VideoRAG also features adaptive retrieval mechanisms optimized for video content and cross-video understanding, enabling semantic relationship modeling across multiple videos. This capability is crucial for comparative analysis or tracking themes across a series of clips. Impressively, this intricate processing can run efficiently on a single Nvidia RTX 3090 GPU, handling hundreds of hours with its 24GB of memory.
This framework changes the game for video content interaction. Researchers can leverage the underlying VideoRAG algorithm and a new benchmark dataset called LongerVideos, which comprises over 134 hours of content across lectures, documentaries, and entertainment. This allows for rigorous evaluation and further development in extreme long-context video understanding. The system achieves a 60.2% accuracy on the Video-MME long video track, significantly outperforming existing backbone models.
For everyday users and professionals, Vimo simplifies complex video analysis. Instead of manually reviewing footage, users can pose questions in natural language and get immediate, contextually rich answers. This is a massive leap from keyword searches, which often miss nuances or rely solely on transcriptions. The ability to handle "extreme long videos" means everything from historical archives to multi-day conference recordings becomes searchable and understandable.
The open-source nature of VideoRAG invites contributions from the community, whether through bug reports, algorithmic improvements, or UI/UX enhancements. This collaborative model accelerates the development of intelligent video interaction, setting a new standard for how we derive insights from the ever-growing volume of video content. This level of granular, conversational access ensures no detail is lost, even in the longest visual narratives.

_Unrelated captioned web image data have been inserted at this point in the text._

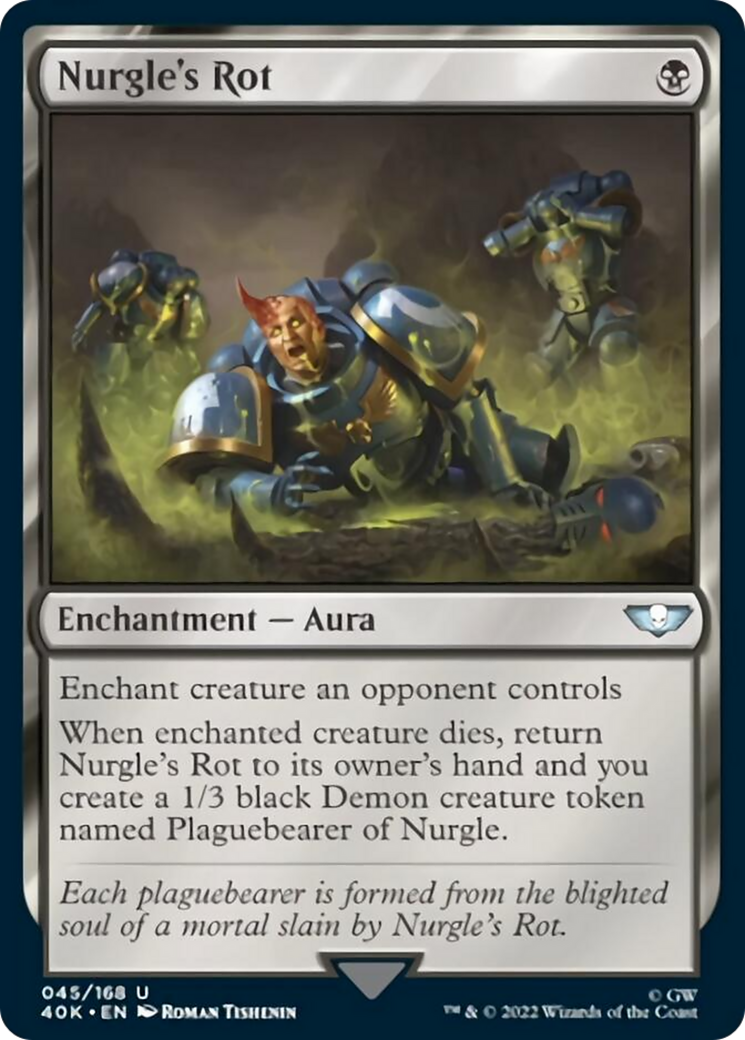 Nurgle's Rot (Surge Foil) [Universes Beyond: Warhammer 40,000] | Cracking-Singles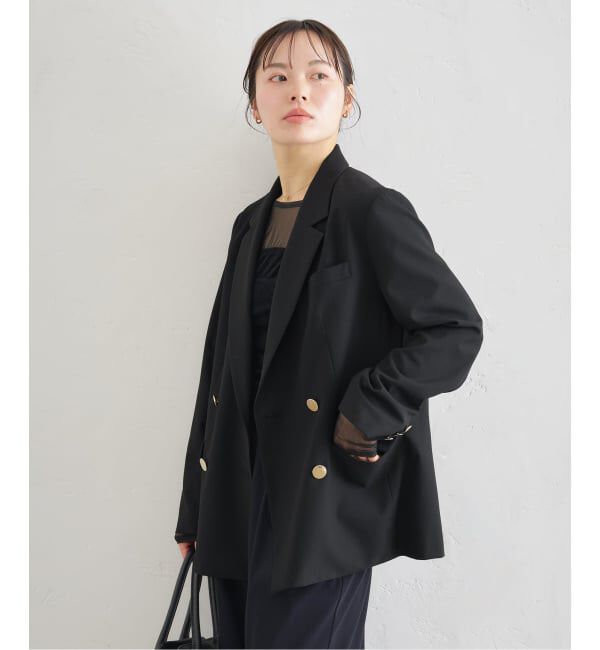 U by SPICK&SPAN「《予約》ダブルボタンジャケット」|その他|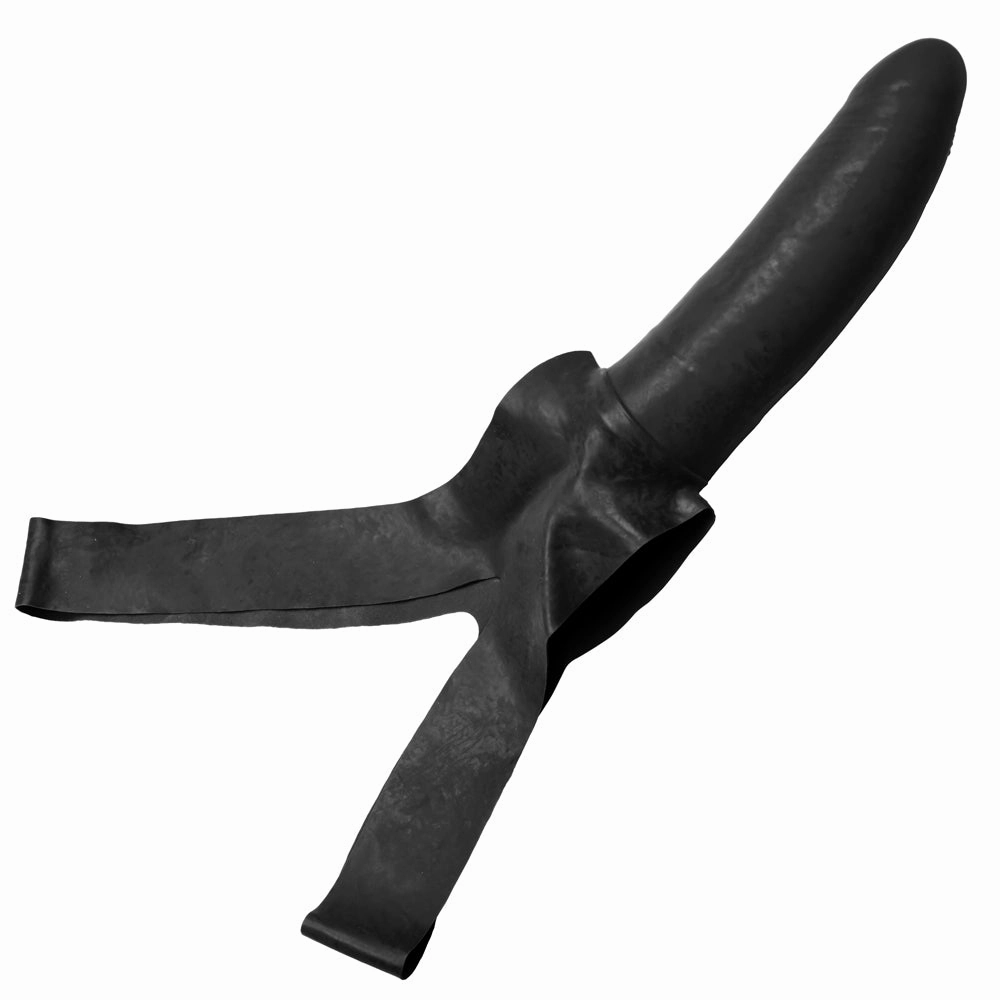 The Original Accommodator Latex Strap-On Facial Dildo
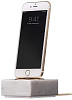Док-станция Native Union Dock+ Marble Edition (DOCK+-IP-MB-WHT) для iPhone/iPod (White Marble) купить в интернет-магазине icover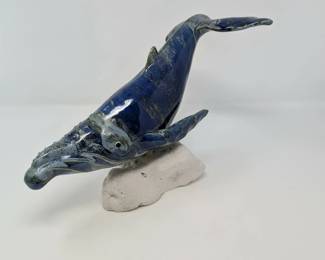 Pottery dophin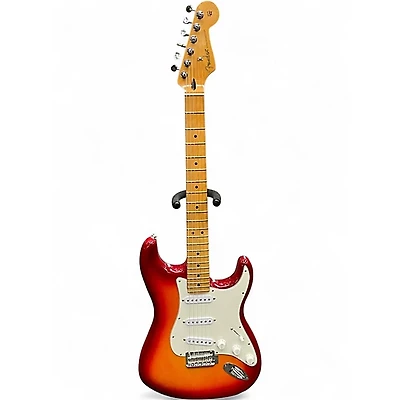 Used Fender Player II Stratocaster Chambered Ash Aged Cherry Burst Solid Body Electric Guitar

VideoRAG is an open-source framework that enables AI-powered conversations with videos, allowing users to ask questions and receive accurate answers from visual and audio data. It acts as a personal AI assistant, capable of understanding vast video libraries to retrieve specific information. The framework is accompanied by a desktop application called Vimo, which supports various video formats across macOS, Windows, and Linux.
VideoRAG uses a dual-channel architecture that includes graph-driven knowledge indexing and hierarchical context encoding. Graph-driven knowledge indexing constructs multi-modal knowledge graphs to give structure to video understanding. Simultaneously, hierarchical context encoding preserves spatiotemporal visual patterns across incredibly long sequences, allowing the system to distill hundreds of hours of video into concise, searchable knowledge representations.
VideoRAG features graph-driven knowledge indexing, hierarchical context encoding, and adaptive retrieval mechanisms optimized for video content and cross-video understanding. These features enable semantic relationship modeling across multiple videos, which is crucial for comparative analysis or tracking themes across a series of clips. The system can efficiently run on a single Nvidia RTX 3090 GPU, handling hundreds of hours of video.
Vimo is a desktop application that accompanies the VideoRAG framework, designed for both casual users and power analysts. It simplifies complex video analysis by allowing users to pose questions in natural language and receive immediate, contextually rich answers. Vimo supports various video formats like MP4, MKV, and AVI across macOS, Windows, and Linux.
VideoRAG achieves a 60.2% accuracy on the Video-MME long video track, significantly outperforming existing backbone models. This level of accuracy allows users to get precise answers from videos, and makes historical archives or multi-day conference recordings searchable and understandable.